The First Family: Stackless Finite Automata
"Normal" DFAs/NDFAs don't have stacks; they can recognize regular expressions.
I was initially shocked to hear that Berkeley would say that FSM modeling can't be parallelized. This is partly because any introductory textbook notes that DFAs and NDFAs are equivalent in power, and uses the word "parallel" to describe the way that NDFAs work. With an NDFA, when we "non-deterministically" pursue two transitions on the same input, we can essentially think of our machine splitting into two idential copies, one of which goes through the first transition, one of which goes through the other. The two machines run in parallel. This would be easy to implement on a parallel-processor machine: you just spawn multiple threads.
In practice, though, this is not how NDFAs get implemented. They usually just get converted to DFAs. There is a known method for converting an NDFA to a corresponding DFA. This can lead to an exponential increase in number of states.
But this actually doesn't affect runtime. It seems intuitive that having exponentially fewer states would lead to exponentially faster runtimes, but it doesn't. In an NDFA , parsing 01110 takes five transitions (possibly more if you allow epsilon-transitions). In a DFA, parsing 01110 takes five transitions. This will be true for all strings. The minimum number of transitions is based on the number of input items. This is trivial to prove and I'm amazed I didn't realize it sooner.
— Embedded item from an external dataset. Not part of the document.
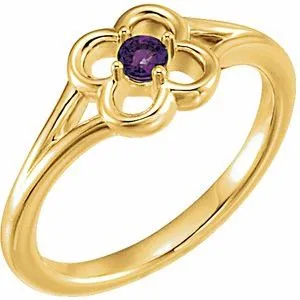 WB Choice Jewelry Rings 14K Yellow Amethyst Youth Flower Ring71944608PSTWBC WB Choice Jewelry Rings 14K Yellow Amethyst Youth Flower Ring71944608PSTWBC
There do exist methods for reducing NDFAs regarding the number of states and transitions. (See also: this one). They are NP-hard, but they could be accomplished.
I don't think the above maximizes non-determinism, but in most cases I would imagine that adding non-determinism is the best way to reduce the number of states. I'm also all but sure that for the same regular expression, the minimal NFA has as many or fewer states than the minimal DFA.
So Berkeley is essentially correct in this case - stackless DFAs and NDFAs are "embarrassingly sequential" regarding runtime. We could, however, reduce memory usage for some problems if we used NDFAs.
So in response to question 2, parallelizing FAs could be useful in the memory domain. Memory usage is going to be an increasingly large problem in the future, as on-chip memory is going to remain expensive even as the number of cores on a chip increases. And in the real world, memory access times are often the limiting factor in execution time for a computer program.
The problem with parallelizing an NDFA the naive way I described earlier is going to be the overhead of process creation and destruction. To solve this, imagine the following: we have an effectively infinite number of cores, each with a small per-core memory and a larger per-chip memory. To simulate an NDFA, execute the following steps:
- start an NDFA-modeling process on each core, and choose one as the "leader" process.
- let each process follow transitions simultaneously on the FA being modeled. They read instructions from the per-chip memory. If the transition is non-deterministic, the leader process divides the affected processes among the different transitions. If the transition is deterministic,
- Loop step 2 until input is exhausted.
- Check if any processes are in an accept state. If so, then accept.
Regular expressions get used all over the place, and there are known methods for converting from regular expression to NDFA. It would be mighty neat to have a more memory-lightweight Perl, though I'm not sure whether physics/gaming/business endeavors use a lot of NDFA models. However, if I'm right that there are methods for finding the non-determinism in FAs, then we can automatically seek out non-determinism and take advantage of it.
The Second Family: One-Stack Push-down Automata
One-stack push-down automata (generally, PDAs) and their non-deterministic brethren (NDPDAs) speak context-free grammar (CFGs).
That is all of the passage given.